Blind & Visual Disabilities
Visual impairments are disorders in the function of the eye as manifested by at least one of the following:
- Visual acuity of 20/70 or less in the better eye after the best possible correction.
- A peripheral field so constricted that it affects one’s ability to function in an educational setting.
- A progressive loss of vision which may affect one’s ability to function in an educational setting.
Visual disabilities are so varied that it is often difficult to detect such a student in the classroom or on campus. The student may appear to get around without assistance, read texts, and/or even take notes from the chalkboard. However, in most cases some form of assistance is needed.
A legally blind person is one whose vision, while wearing corrective lenses, does not exceed 20/200 in the better eye, or whose visual field is less than an angle of 20 degrees. Ninety percent of individuals who are identified as legally blind have some useful vision or light perception. Total darkness is rare.

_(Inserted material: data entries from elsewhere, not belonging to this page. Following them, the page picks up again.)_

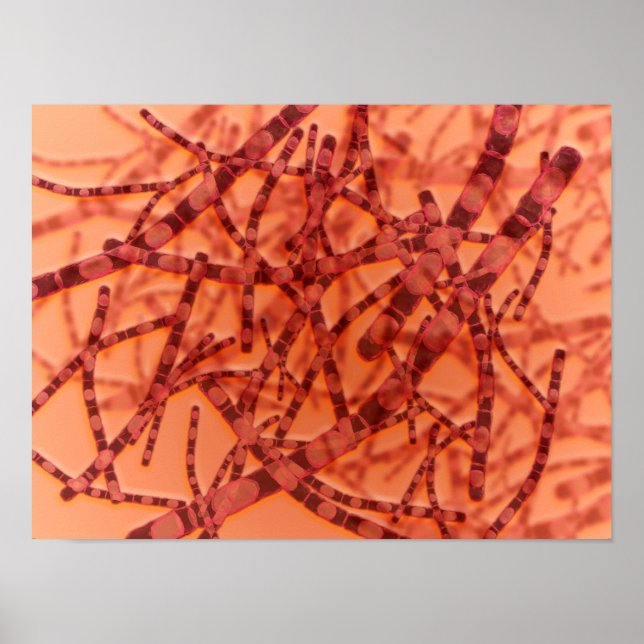 Mikroskopisk vy av mjältbrand 3 poster (Framsidan)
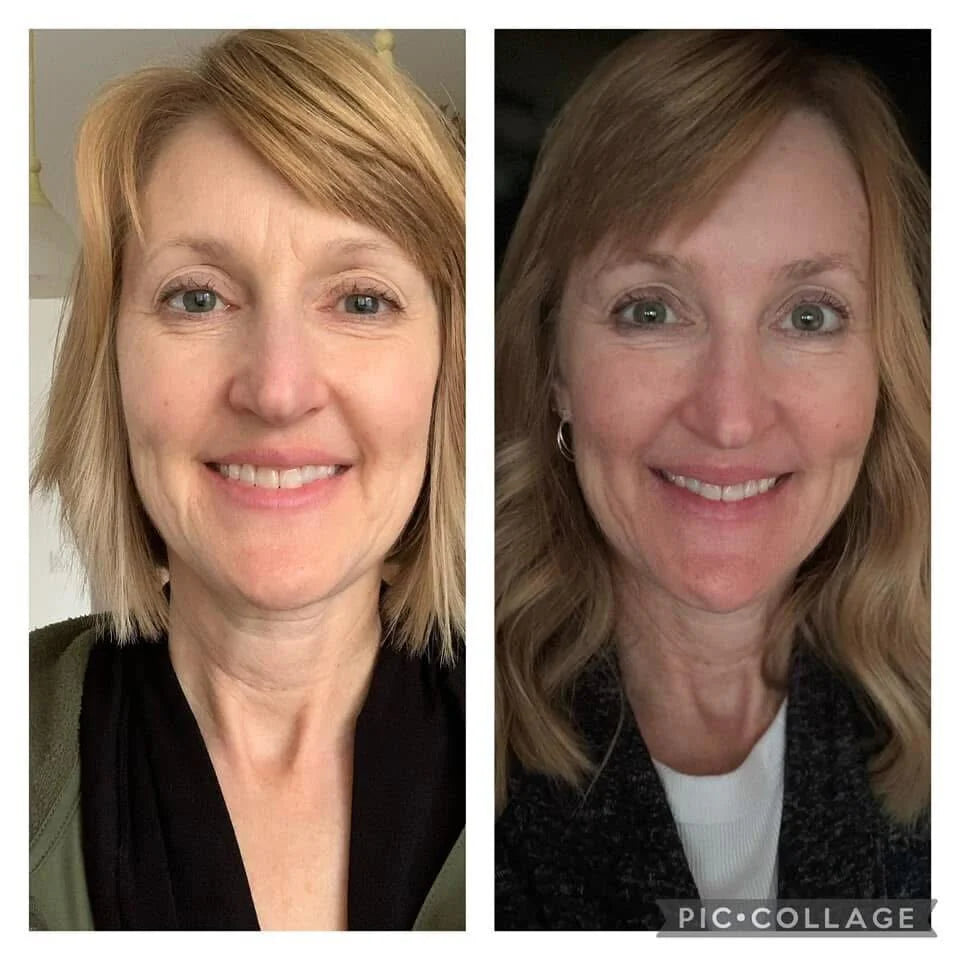 Forehead & between Eyes Facial Patches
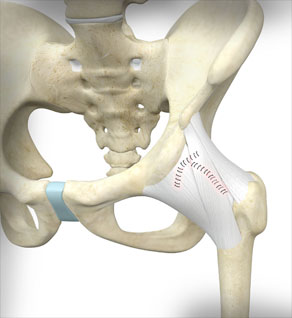 Capsular Closure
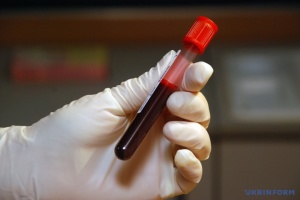 В Україні зареєстровані понад 158 тисяч випадків ВІЛ-інфекції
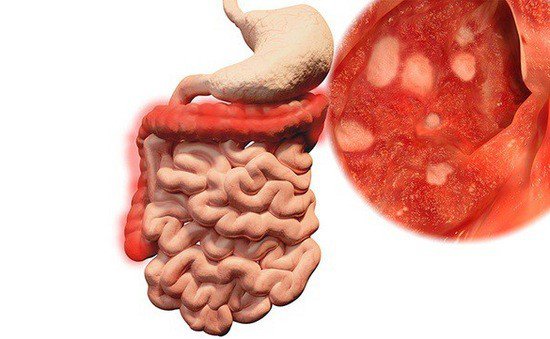 What is inflammatory bowel disease?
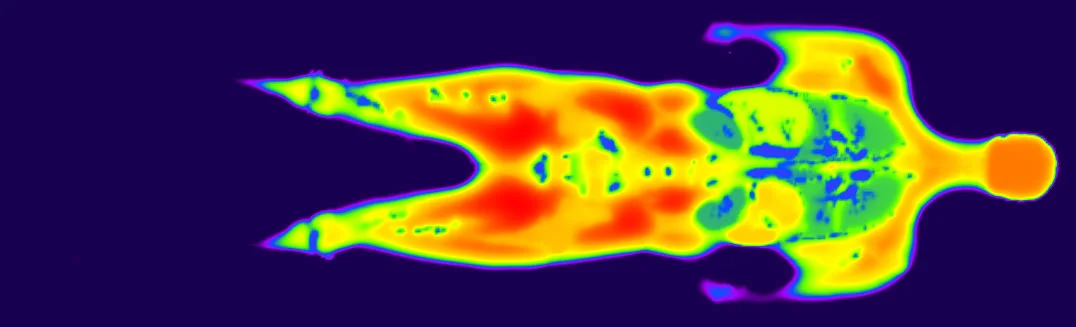 Computed initial temperature distribution for a human showing the effects of metabolic processes.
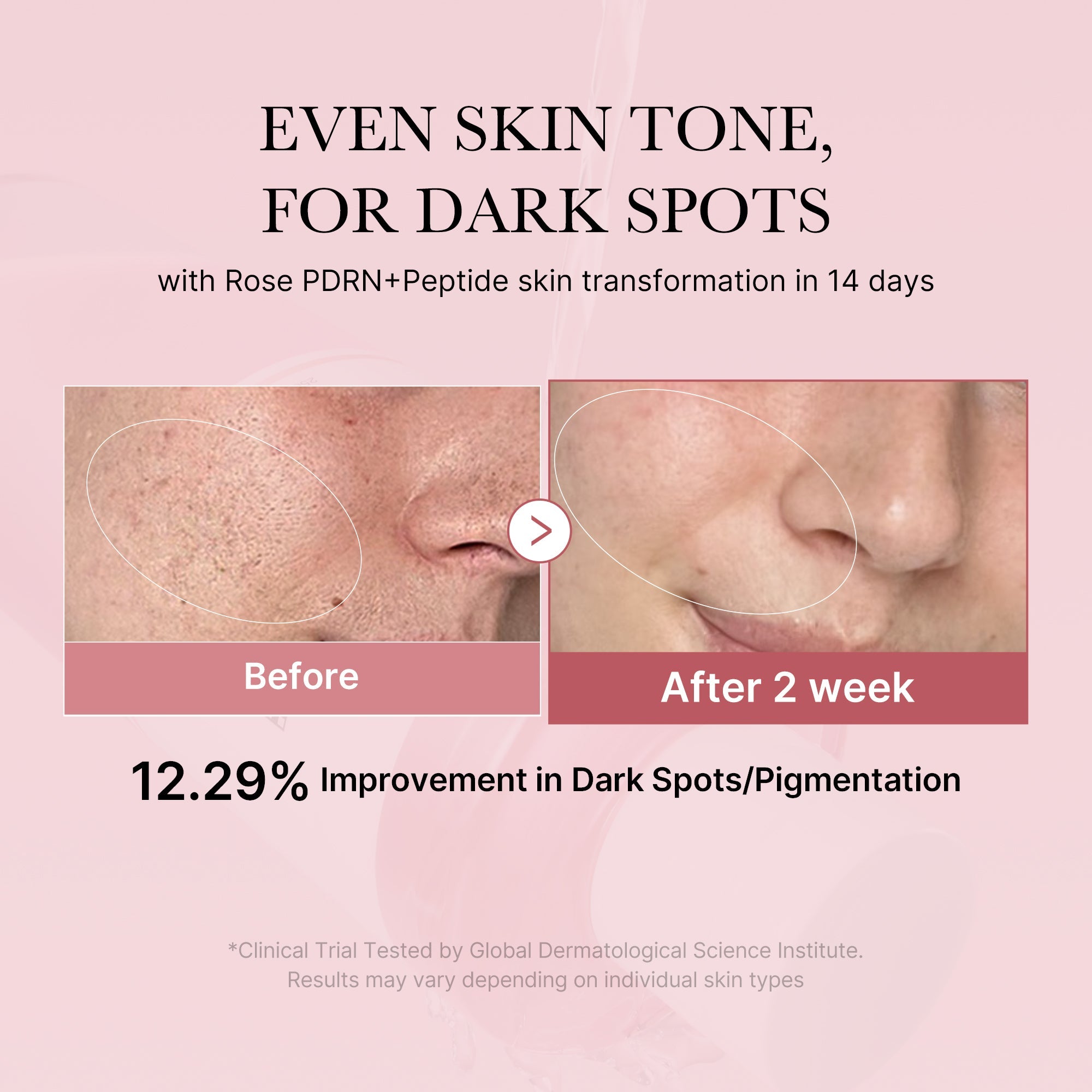 [GIFT] PDRN Pink Peptide Toner image 2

Some students use aids such as guide dogs. These dogs are trained to move at the direction of their masters and are well disciplined to function in group settings. It is important to note that guide dogs are not to be petted or distracted in any way while they are on duty. Guide dogs are allowed by law in all University buildings, including laboratories, food service areas, classrooms, and administrative offices.
Other students may use white canes, and few use special electronic sensing devices to enhance mobility.
Special considerations may be needed for the visually impaired student when:
- A class is moved to a new location,
- when a group goes on a field trip,
- or when the furnishings in the room are moved for a special program.
Note: All disability related information including medical documentation, educational correspondence, and educational accommodation records are considered confidential. The University of Texas and SSD have an obligation to maintain the confidentiality of such documentation.